According to Michael Bloomberg’s anti-gun agitators at thetrace.org, she told her parents about the gun after she failed to kill herself. Her father “promptly got rid of it.” A month later, Weathers’ mother Janet Delana called Odessa Gun & Pawn, fearing that her daughter would use her Social Security mental disability payment to purchase another handgun, with tragic consequences.

On June 25, 2012 she phoned Odessa to ask them not to sell Weathers a weapon. “I’m begging you,” said Janet, according to a legal brief provided to The Trace [ED: by the Brady Campaign to Prevent Gun Violence]. “I’m begging you as a mother, if she comes in, please don’t sell her a gun.”

On the phone with a shop attendant, Janet went into detail about Weathers’ psychiatric condition, giving him ample information with which to identify Weathers, including her date of birth and Social Security number. Janet requested that the clerk write the information on a piece of paper to keep next to the register, so employees could reference it should Weathers come in. She hoped that if they knew about her daughter’s suicidal obsessions, they would refuse to sell her a gun, as Missouri law permits gun sellers to use individual discretion when making or denying a sale. But the clerk told Janet that he couldn’t make any promises.
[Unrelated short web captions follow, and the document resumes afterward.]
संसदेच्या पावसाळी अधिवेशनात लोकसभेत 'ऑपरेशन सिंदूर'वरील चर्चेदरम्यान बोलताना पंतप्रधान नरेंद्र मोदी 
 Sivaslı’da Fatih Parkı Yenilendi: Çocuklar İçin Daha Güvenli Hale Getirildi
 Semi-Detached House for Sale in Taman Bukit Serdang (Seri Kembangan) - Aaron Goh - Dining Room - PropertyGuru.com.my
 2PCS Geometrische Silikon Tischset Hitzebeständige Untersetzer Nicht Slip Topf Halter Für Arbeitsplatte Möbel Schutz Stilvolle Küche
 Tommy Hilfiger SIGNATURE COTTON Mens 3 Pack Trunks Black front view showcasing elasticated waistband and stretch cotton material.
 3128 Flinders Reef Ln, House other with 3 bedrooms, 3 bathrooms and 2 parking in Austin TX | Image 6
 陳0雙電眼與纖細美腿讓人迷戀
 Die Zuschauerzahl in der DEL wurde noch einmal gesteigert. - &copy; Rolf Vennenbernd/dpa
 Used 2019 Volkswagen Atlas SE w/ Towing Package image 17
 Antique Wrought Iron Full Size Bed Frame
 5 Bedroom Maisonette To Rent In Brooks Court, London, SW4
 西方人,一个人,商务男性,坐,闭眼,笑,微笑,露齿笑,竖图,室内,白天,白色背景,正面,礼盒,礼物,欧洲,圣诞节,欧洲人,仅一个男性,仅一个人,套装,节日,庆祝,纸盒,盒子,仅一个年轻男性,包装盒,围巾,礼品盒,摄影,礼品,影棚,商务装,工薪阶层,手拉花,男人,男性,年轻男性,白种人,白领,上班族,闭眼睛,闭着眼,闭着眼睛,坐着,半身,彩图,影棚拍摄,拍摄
Two days later, on June 27, Weathers walked into Odessa looking for another handgun. Despite Janet’s warnings, Odessa apparently took no extra precautions. There’s no indication that the clerk had written Weathers’s information down, or whether they had asked her any questions about her purchase . . .

Weathers left the store that day with a new Hi-Point .45. Derrick Dady, the same clerk who sold Weathers a gun a month earlier, supervised the sale. At home an hour later, Weathers approached her father, who was sitting at the dining room table, and shot him through the back of his chair. Ten minutes later, she sent a text to Janet, who was out of the house at the time. “Dad is dead” it said. Weathers was later charged with murder, but the court accepted her plea of not guilty by reason of insanity.

With the “help” of the Brady Campaign to Prevent Violence, Weathers’ mother sued Odessa. [Click here to read the complaint.] The court threw out the lawsuit; it fell afoul of the Protection of Lawful Commerce in Arms Act. Brady is appealing (not literally). But the question remains: should Odessa have refused to make the sale?

Couple of points to consider.

All that said, never underestimate the importance of incompetence. Odessa may have simply dropped the ball; they may have refused the sale if they’d recognized the danger. Even so, this is a valuable thought experiment. On a personal note . . .

I once asked a local liquor store to stop selling alcohol to my (then) wife. The owner continued to do so. I was saddened, but not angry. I figured he was under no obligation to prevent a legal sale. Nor did he know if I had just cause to make the request. Like firearms dealers, or car dealers, he bore no responsibility for what someone did with a legally sold product. And my wife would have purchased alcohol somewhere else.

Your thoughts?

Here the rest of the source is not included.